> _Exercise objective_: Output the data verbatim, minus the images.

> _Information shown_:
··········
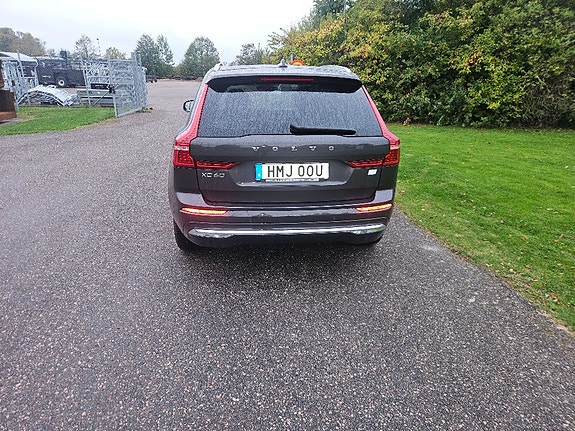 Volvo XC60 4 of 17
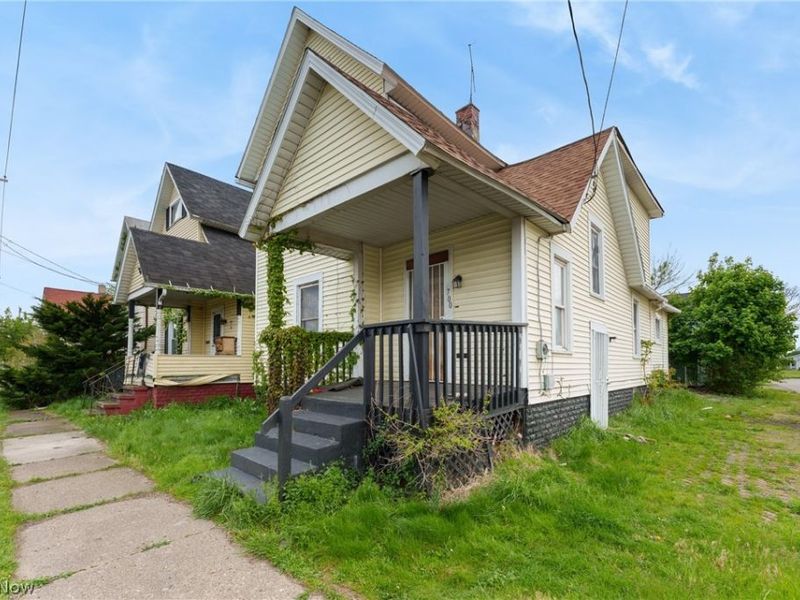 700 8th Street NE, Canton, OH 44704 Photo 2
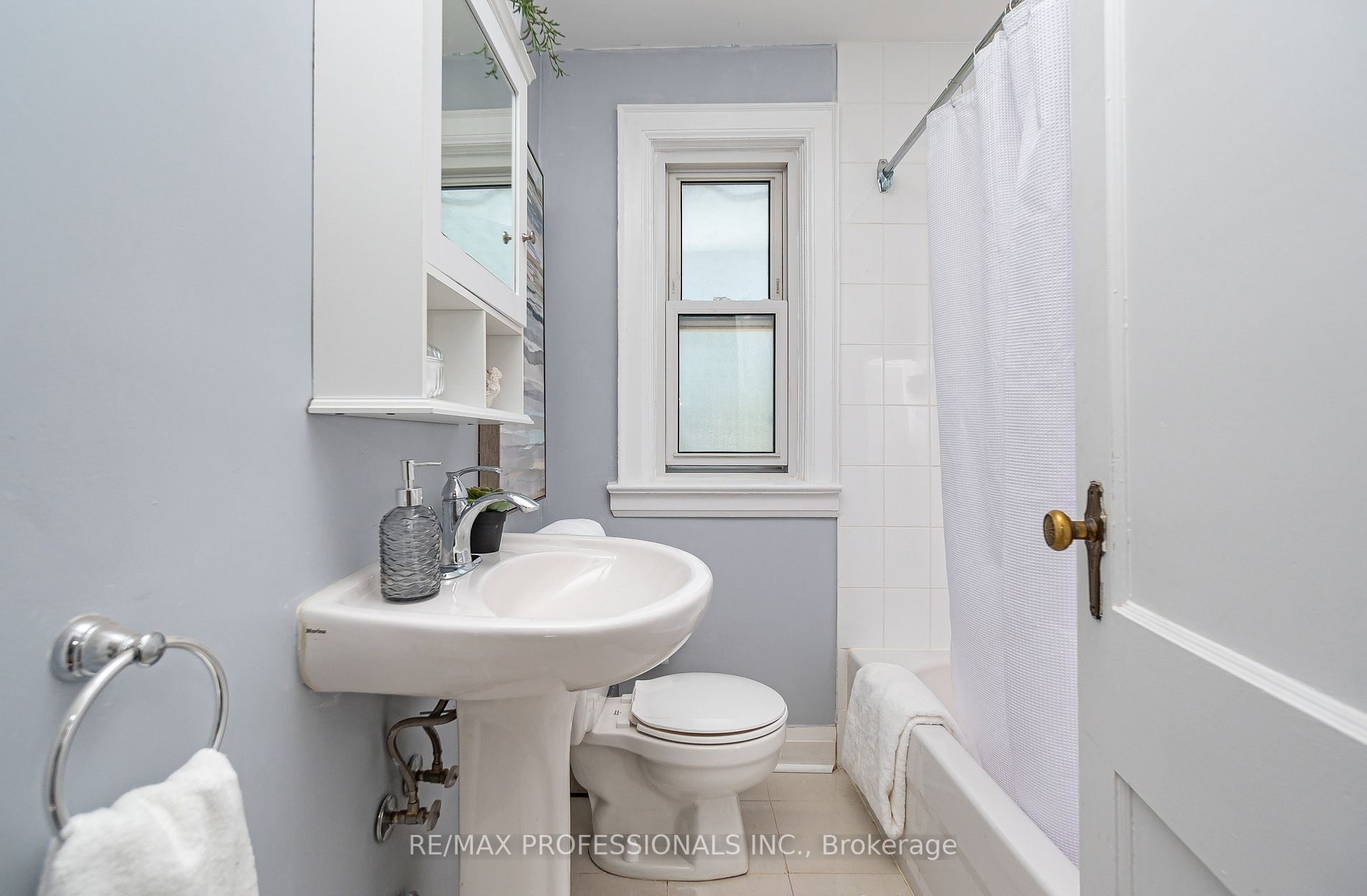 205 King St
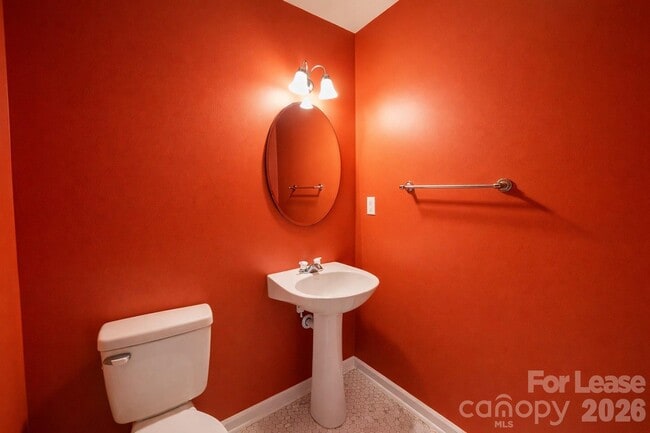 Building Photo - 4831 Stowe Derby Dr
··········
> _Exercise output_:
 Volvo XC60 4 of 17
 700 8th Street NE, Canton, OH 44704 Photo 2
 205 King St
 Building Photo - 4831 Stowe Derby Dr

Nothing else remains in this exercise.